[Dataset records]
Content starts
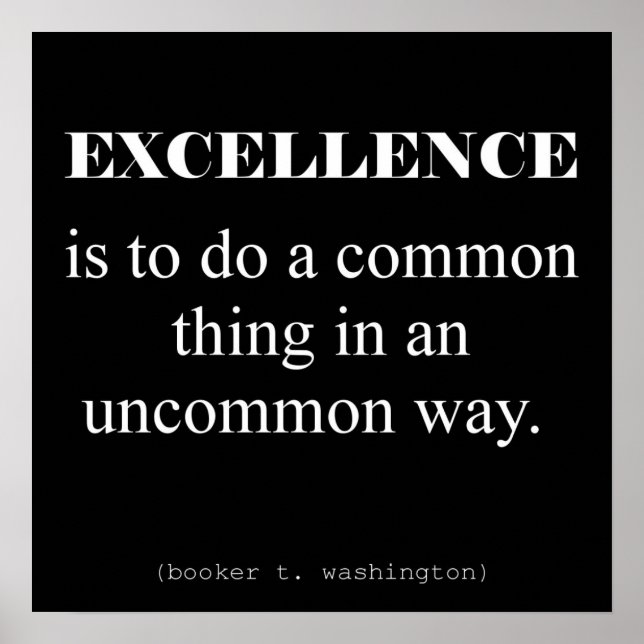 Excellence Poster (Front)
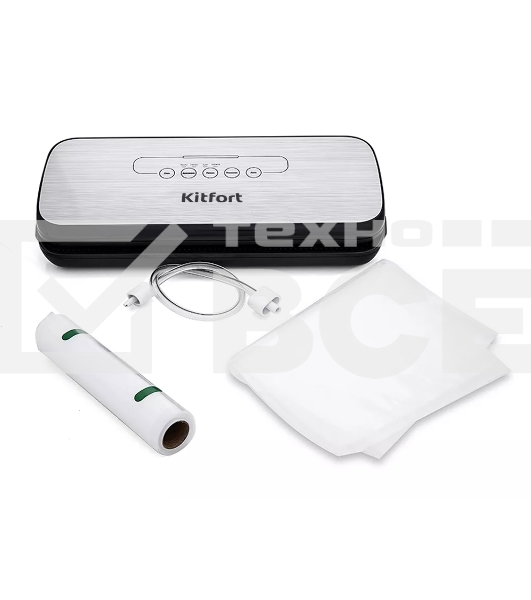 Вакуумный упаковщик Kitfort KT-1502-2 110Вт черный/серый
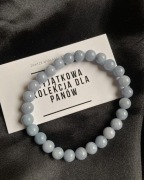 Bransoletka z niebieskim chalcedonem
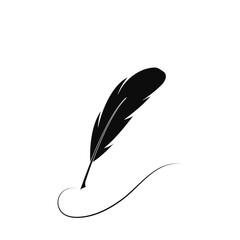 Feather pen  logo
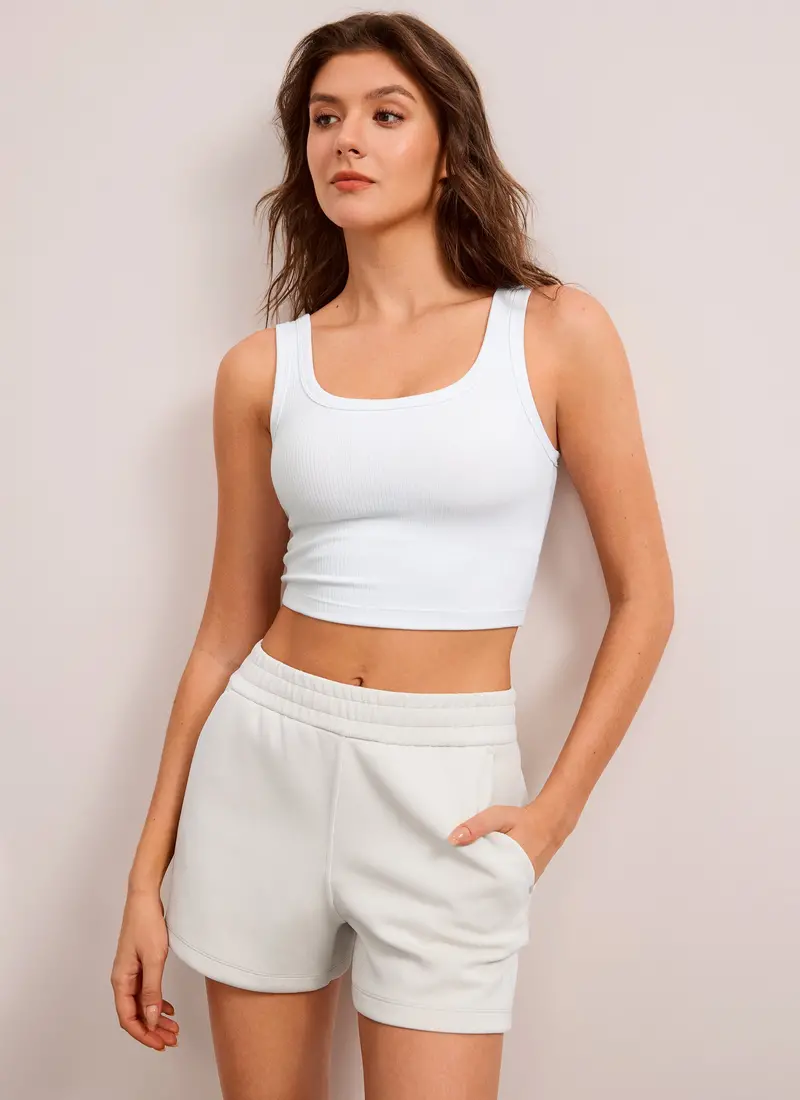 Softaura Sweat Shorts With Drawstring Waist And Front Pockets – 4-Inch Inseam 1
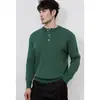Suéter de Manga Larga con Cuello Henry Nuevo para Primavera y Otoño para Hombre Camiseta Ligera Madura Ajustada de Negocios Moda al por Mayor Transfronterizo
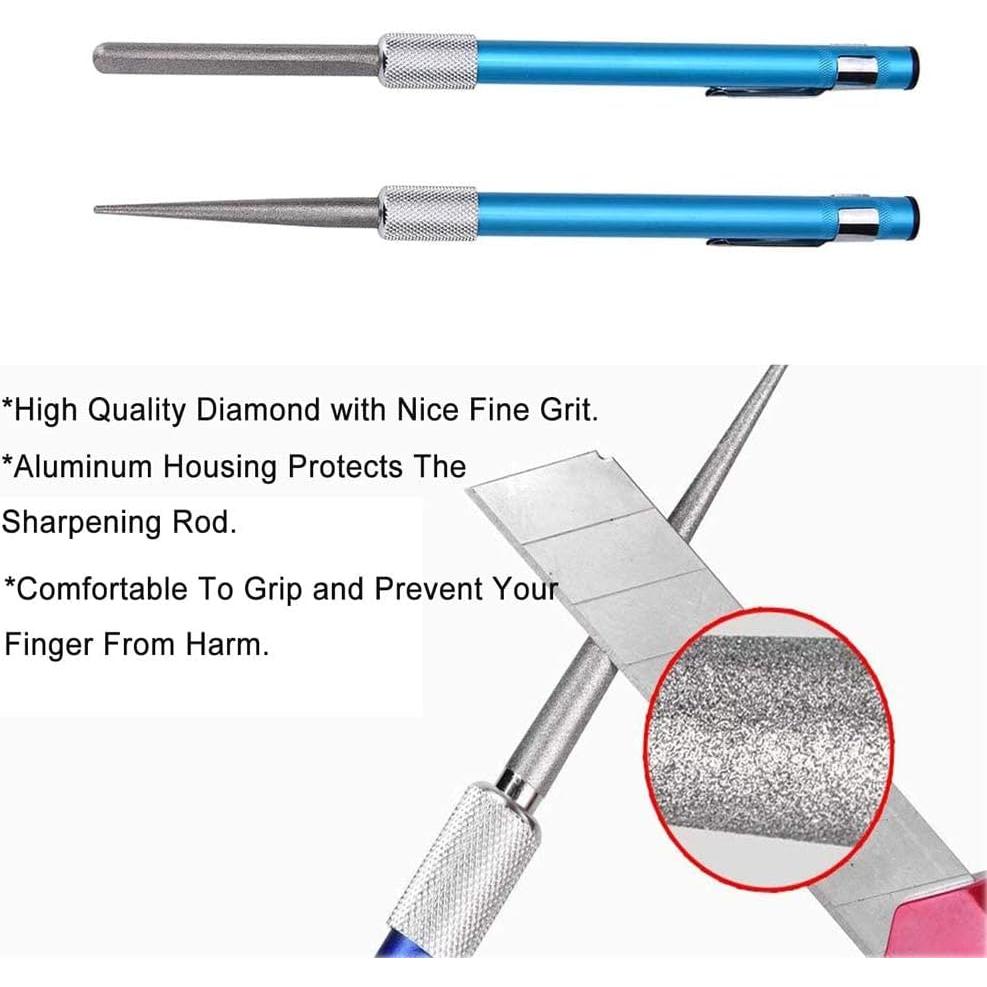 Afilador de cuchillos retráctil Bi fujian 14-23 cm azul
Content ends
__EXERCISE GOAL__
Retype all the entries exactly; drop the pictures.

__WRITTEN ANSWER__
 Excellence Poster (Front)
 Вакуумный упаковщик Kitfort KT-1502-2 110Вт черный/серый
 Bransoletka z niebieskim chalcedonem
 Feather pen  logo
 Softaura Sweat Shorts With Drawstring Waist And Front Pockets – 4-Inch Inseam 1
Suéter de Manga Larga con Cuello Henry Nuevo para Primavera y Otoño para Hombre Camiseta Ligera Madura Ajustada de Negocios Moda al por Mayor Transfronterizo
 Afilador de cuchillos retráctil Bi fujian 14-23 cm azul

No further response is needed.